In this instance, the court is required to balance a number of relevant sentencing considerations, including protection of the community and rehabilitation. In my view, while your offending calls for a term of imprisonment, the community would be better served if a longer period of supervision is able to be provided to you upon your release that would incorporate an opportunity to address some of the core issues that led to the offending. A combination sentence, pursuant to s 44 of the Sentencing Act 1991, is in my view able to meet the relevant and applicable sentencing considerations in that regard. It must not be forgotten that a community correction order (whether alone or in combination with a term of imprisonment) is both punitive and therapeutic and in this case, the order I impose will have punitive and therapeutic components and will follow a further period of imprisonment than you have already served. While perhaps now trite, the Court of Appeal's comments in
Boulton v The Queen[1]remain current and, in my view, applicable in this instance:
The sentencing court can now choose a sentencing disposition which enables all of the purposes of punishment to be served simultaneously, in a coherent and balanced way, in preference to an option (imprisonment) which is skewed towards retribution and punishment.[2]
[2] Ibid at [113].
Finally, while I am not required to make any further order, I note that you remain on the Sex Offenders Register for life and thus there is an added layer of supervision when you are released into the community.
Sentence
Paul Brian Walton, on Charge 1, theft, you are convicted and sentenced to 3 months imprisonment. On Charge 2, bestiality, you are convicted and sentenced to 12 months imprisonment. On Charge 3, possess a drug of dependence, being a small amount for personal use, you are convicted and fined $500. On Summary Charge 3, cruelty to an animal, you are convicted and sentenced to 4 months imprisonment.

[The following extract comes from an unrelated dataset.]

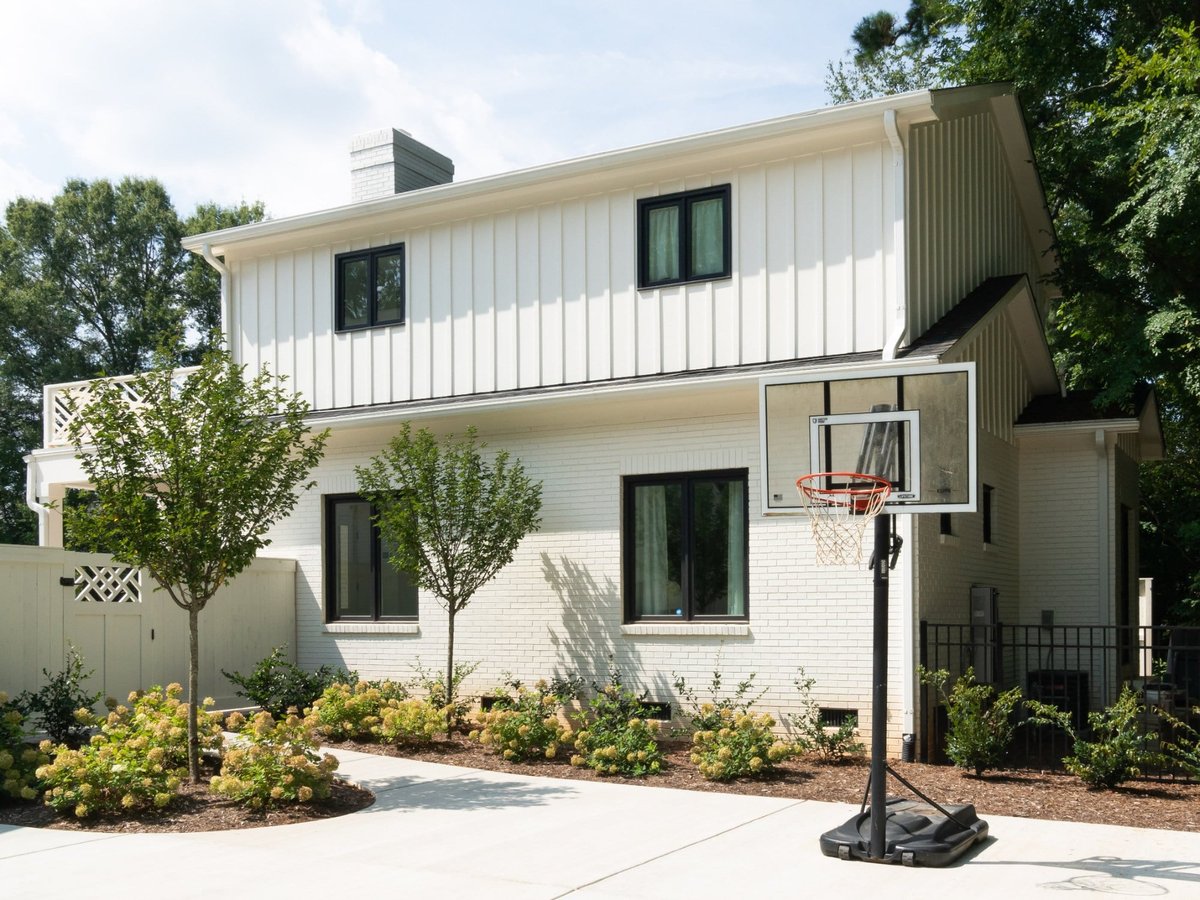 custom home guest house exterior with white siding landscaping and basketball court in charlotte nc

The sentences of imprisonment will be concurrent, making a total effective sentence of 12 months imprisonment as the prison component of the combination sentence, pursuant to s 44 of the Sentencing Act 1991.
Upon your release from custody you will be placed on a community correction order with conviction for a period of 2 years and 6 months. As noted, the order will have punitive and therapeutic components. You will be required to complete 150 hours of unpaid community work. You will be subject to treatment and rehabilitation conditions to address your offending behaviours, your mental health and your drug use. You will also be subject to supervision.
Pursuant to s 48CA of the Sentencing Act1991, I direct that all of the hours that you satisfactorily complete, pursuant to the treatment and rehabilitation conditions, may be credited as hours of unpaid community work.
Pursuant to s 18 of the Sentencing Act 1991, I declare that 237 days be reckoned as the period of imprisonment already served under the sentence I have imposed. That does not include today.
Pursuant to s 6AAA of the Sentencing Act1991, if not for your plea of guilty I would have sentenced you to a period of imprisonment of 2 years with a non-parole period of 18 months.